[Records shown]

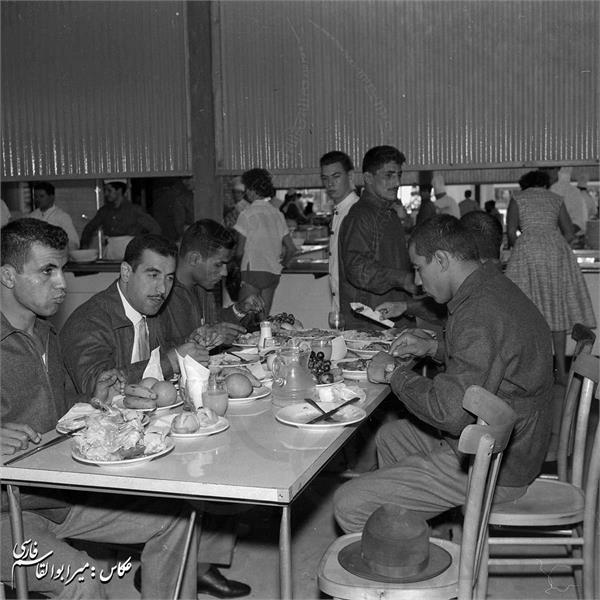 بازی های المپیک 1960 رم، ایتالیا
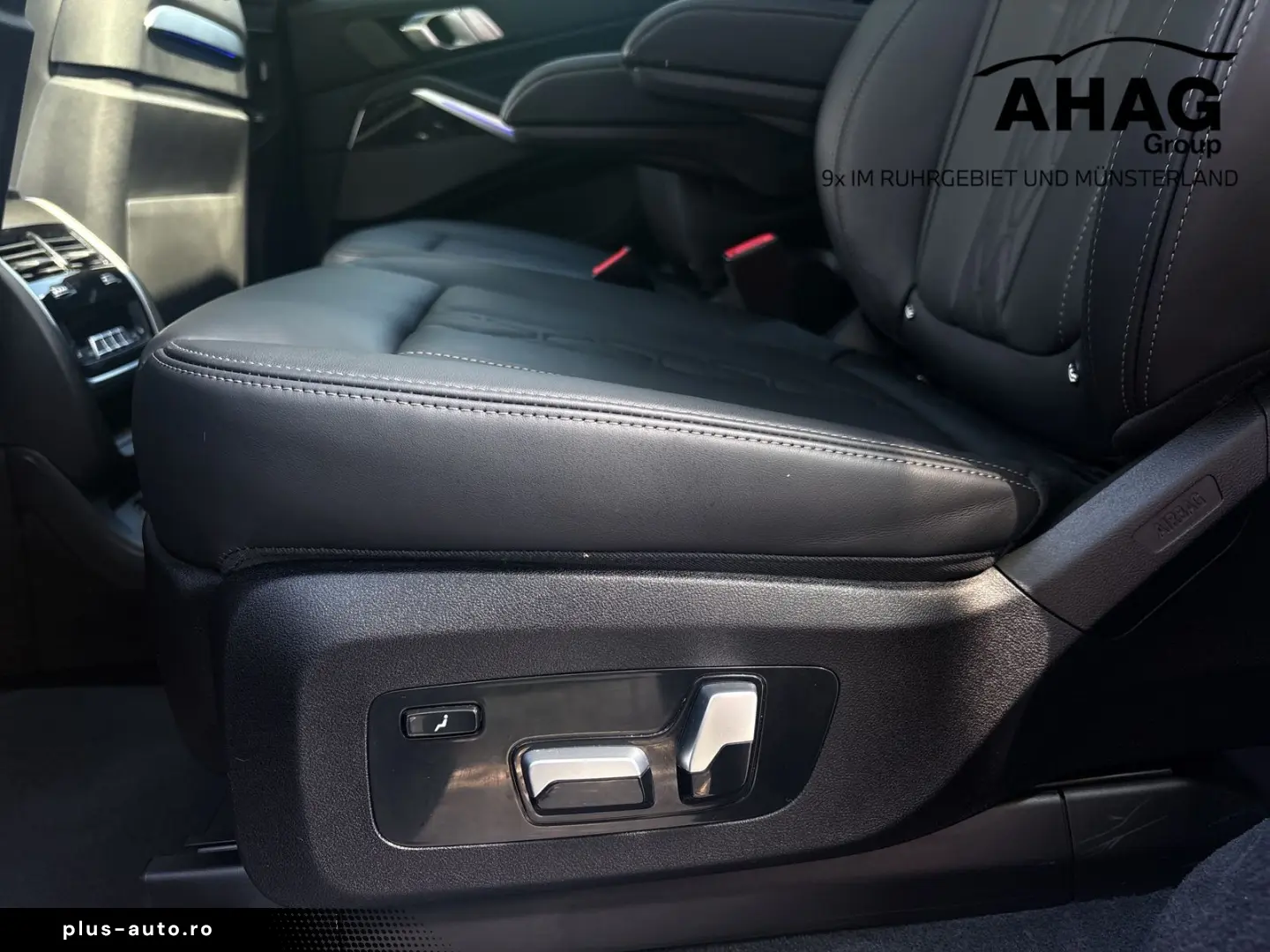 BMW X7 M60i XDRIVE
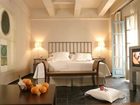 фото отеля Hospes Las Casas del Rey de Baeza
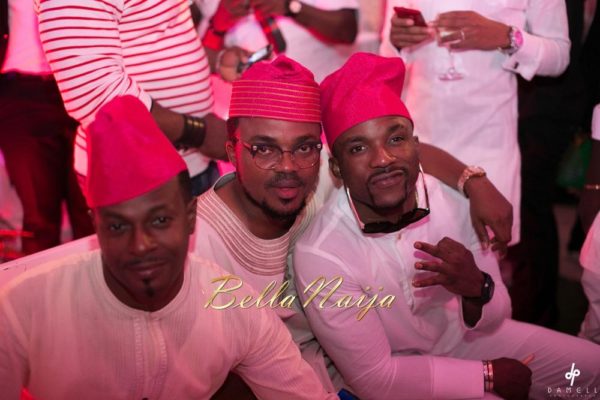 Tiwa Savage Traditional Wedding, Tee Billz, TJ Balogun, BellaNaijaTiwa Savage Wedding(A)-111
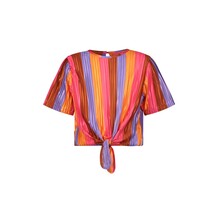 B Nosy Meisjes T-Shirt Bonny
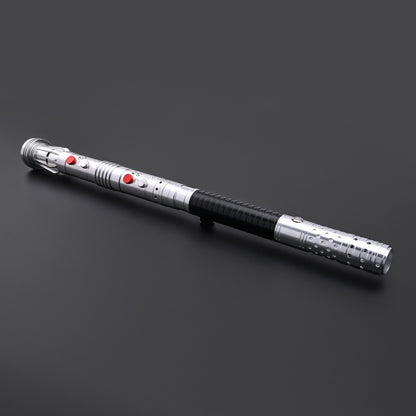 The Crimson Assassin – Modular Eclipse Staff SE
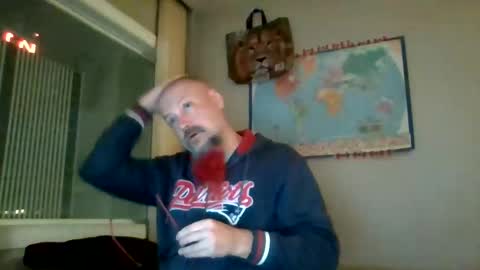 gregrev online show from 12/16/24, 01:53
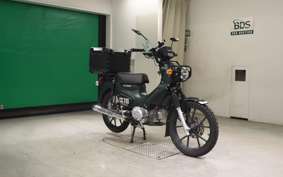 HONDA ｸﾛｽｶﾌﾞ110-3 2014 JA60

[/Records shown]

_What the task requires:_
The copy must begin with the line containing "Tiwa Savage Traditional", end with the last line of the material, match each line exactly, and hold no pictures.

_Exercise response:_
 Tiwa Savage Traditional Wedding, Tee Billz, TJ Balogun, BellaNaijaTiwa Savage Wedding(A)-111
 B Nosy Meisjes T-Shirt Bonny
 The Crimson Assassin – Modular Eclipse Staff SE
 gregrev online show from 12/16/24, 01:53
 HONDA ｸﾛｽｶﾌﾞ110-3 2014 JA60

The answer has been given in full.